Essa questão nos leva a refletir sobre acessibilidade e o registro do teatro. Num primeiro momento da pandemia, diversos grupos disponibilizaram seus arquivos para desfrute dos quarentenados. Muitos dos que tive oportunidade de assistir, assim como o Cachorros… possuem caráter documental, sem uma preocupação maior com a recepção dessas filmagens, visto que a priori elas não seriam destinadas ao grande público. Não sendo, portanto, exclusividade do Grupo? Que absurdo! as dificuldades de captação de áudio e vídeo. É, na verdade, louvável e significativo que uma montagem tão recente – estreou em 4 de dezembro de 2020 – , do interior do estado e em meio à pandemia já possua registro e esteja na grade de renomado festival. Afinal, quais grupos, no cenário atual, têm condições de registrar suas obras? E de refinar o olhar destas, pelo uso de câmeras, a favor da dramaturgia?

Falando em interior, é importante ressaltar a presença maior da cena do interior do estado na programação desta edição, que, gerenciada por José Manoel Sobrinho, ampliou os diálogos para além da Região Metropolitana do Recife. Mais informações aqui (https://vendoteatro.com/noticia/confira-o-que-rolou-na-primeira-semana-da-27a-edicao-do-jge-programacao-segue-ate-o-dia-28-de-janeiro/2021/01/18/

A dramaturgia explora o que se convencionou chamar de Teatro do -Absurdo. Modo de fazer que aparece no fim da década de 1950 no pós-guerra, momento de instabilidade política, econômica e social, de desacerto entre o homem e o mundo estraçalhado pela guerra. Apesar do nome comumente relacionado à extravagância e fora do comum, o absurdo aqui é a ausência de sentido. O vazio.

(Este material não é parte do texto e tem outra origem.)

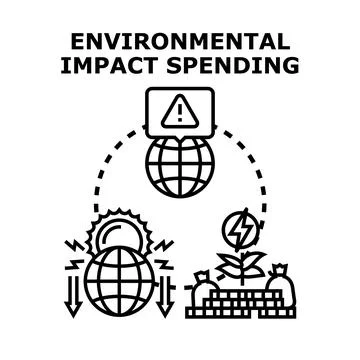 Evaluating environmental impact and spending for sustainability efforts Illustrazione stock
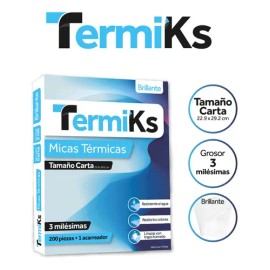Mica Térmica Carta 3ml PET EVA 200 Piezas con Acarreador Termiks                                                                                      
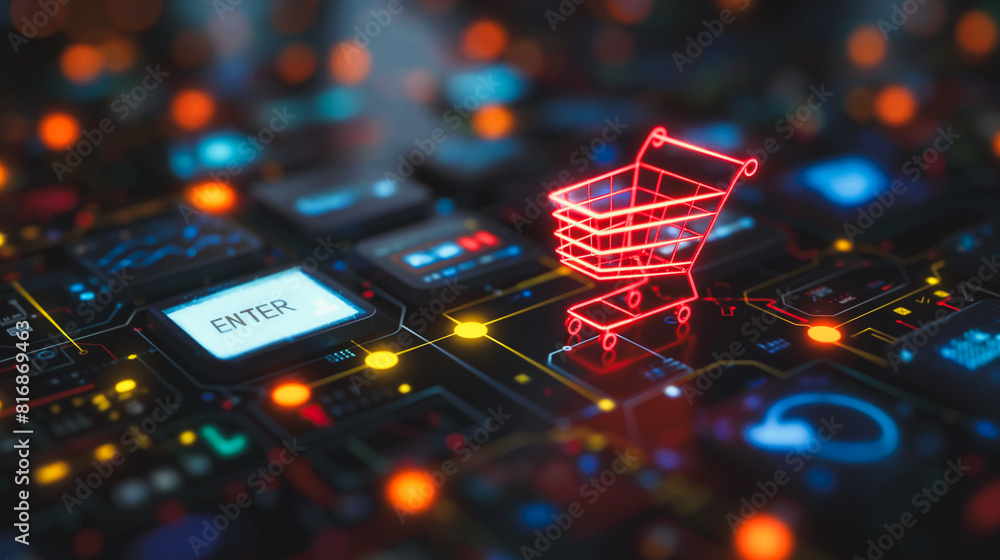 Poster a computer screen with a red shopping cart on it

Em cena, num lugar que não se sabe onde, há não se sabe quanto tempo, nem por qual motivo, cinco pessoas encontram-se presas. As personagens subvertem a lógica clássica em construções sintáticas coesas, mas com sentidos pouco usuais. Distintas entre si, essas pessoas possuem em comum apenas uma coisa: odeiam o nome Caio. “Ser um Caio” ou fazer coisas que “Só um Caio faria” é motivo para distinção, afastamento e segregação daqueles que carregam esse nome/estigma. Assemelhando-se a nossa sociedade, em que ser de determinado grupo social, étnico ou religioso é tido como uma possível justificativa para a intolerância e violência.  

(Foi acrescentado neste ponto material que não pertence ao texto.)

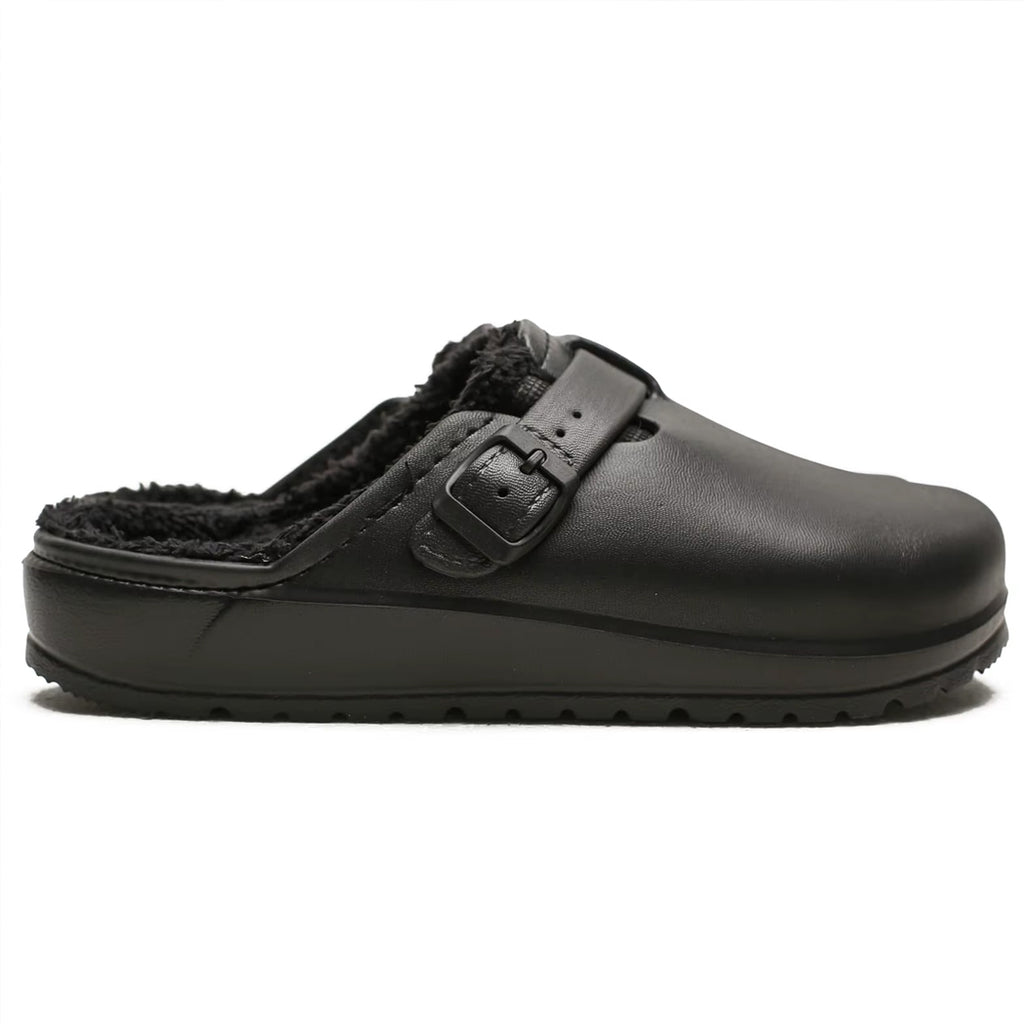Mocassin sabot fourré en cuir synthétique pour femme
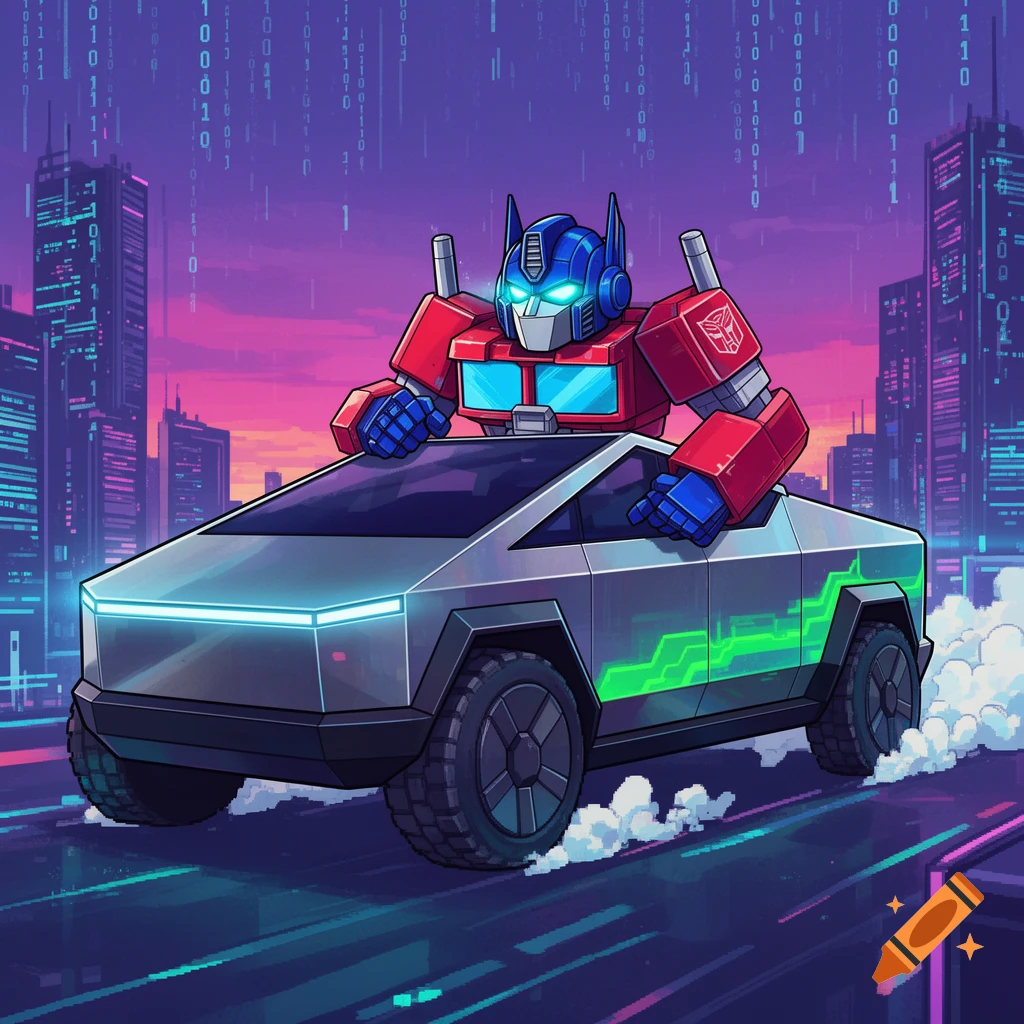 Cartoon style image of Optimus Prime driving a Tesla Cybertruck through a neon-lit cyberpunk city with binary code falling.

Com um ritmo instigante, o texto de Byron O’Neill (Cia 5 cabeças/ MG) montado pelo Grupo? Que absurdo! percorre caminhos cíclicos. Cria-se a expectativa de que algo externo à cena quebre esse eterno retorno nonsense, mas não é o que acontece. A sensação que fica ao final é desoladora. Todavia se os contornos do texto assumem formas arredondadas, não se pode dizer o mesmo das atuações. Estas são como linhas retas, sem nuances. Falta – ainda – à voz e ao corpo também pronunciarem. Ampliar personagens tão singulares. 

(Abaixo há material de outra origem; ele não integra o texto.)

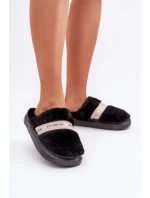 Futrzane Pantofle s ozdobným páskem černé Savalithea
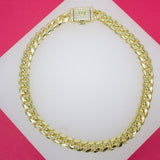 18K Gold Filled 7mm Thick Curb Cuban Chain Anklet With CZ Clasp Anklet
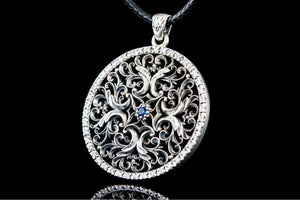 Flower Ornament Pendant with Cubic Zirconia Sterling Silver Jewelry - vikingworkshop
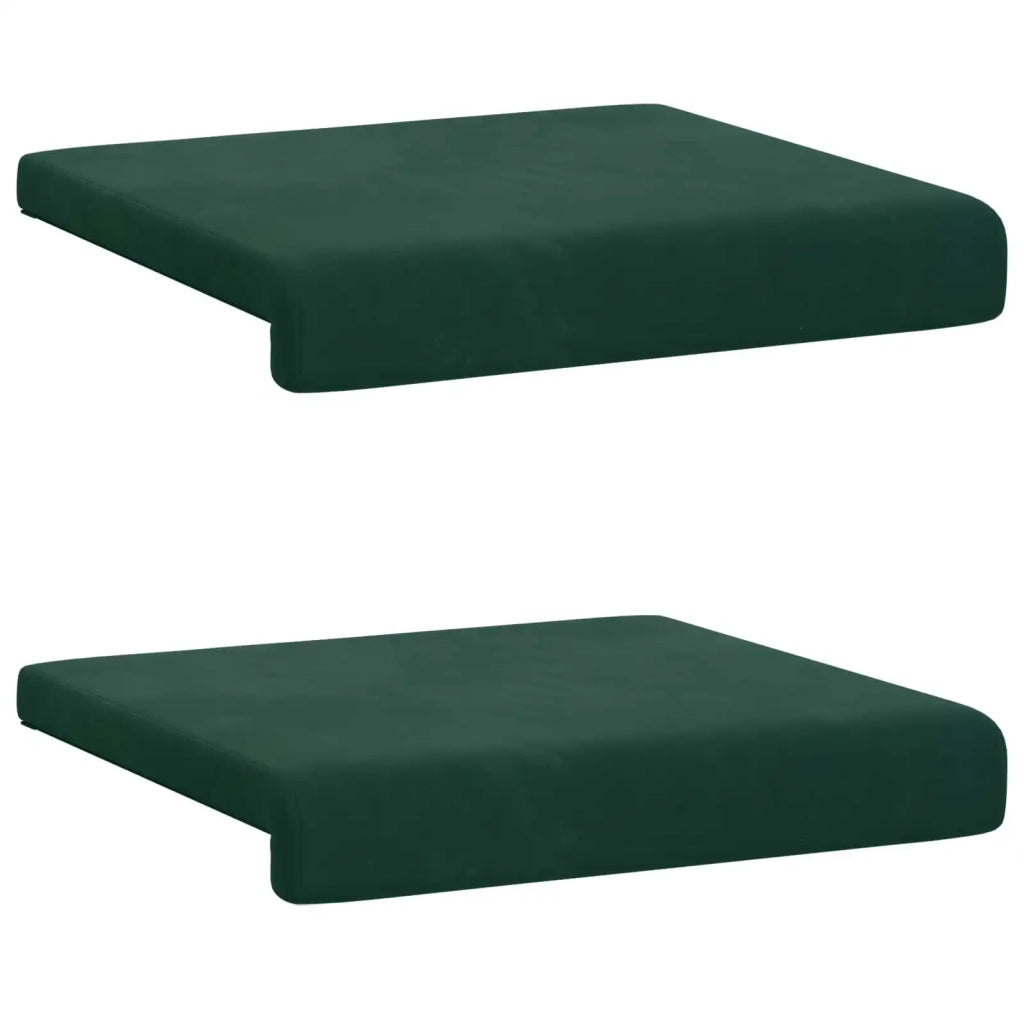 Cuscino per panchina 2 pcs Velluto Verde Scuro Profondità 35 cm 42043023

Apesar de escrito num contexto histórico diferente do atual, relaciono Cachorros não sabem blefar com o Brasil pós golpe (2016), pandêmico, abandonado e entregue a empresários, no  qual estamos vivendo. Em determinado momento da apresentação, é dito: “Como chegamos aqui?”, que poderia, a princípio, estar relacionado ao pessimismo e ausência de sentido na existência, hoje é a pergunta que me faço. “Como chegamos a tal Estado? – ou mesmo, estado, diminuto de si. Parece que estamos, assim como as personagens, num ciclo infinito e inquebrável. A lógica do capital é absurda. Como na peça, a sensação é que esperamos algo externo a nós para sairmos da espiral. Contudo, a quebra só pode dar-se de dentro para fora, com o povo organizado. Esperar Godot não vai adiantar, é preciso agir.

O estreante Grupo? Que absurdo! acerta na escolha da dramaturgia. Agora é preciso reverberar o absurdo para além das palavras. Com o cenário sócio-político em que vivemos hoje, não faltará inspiração.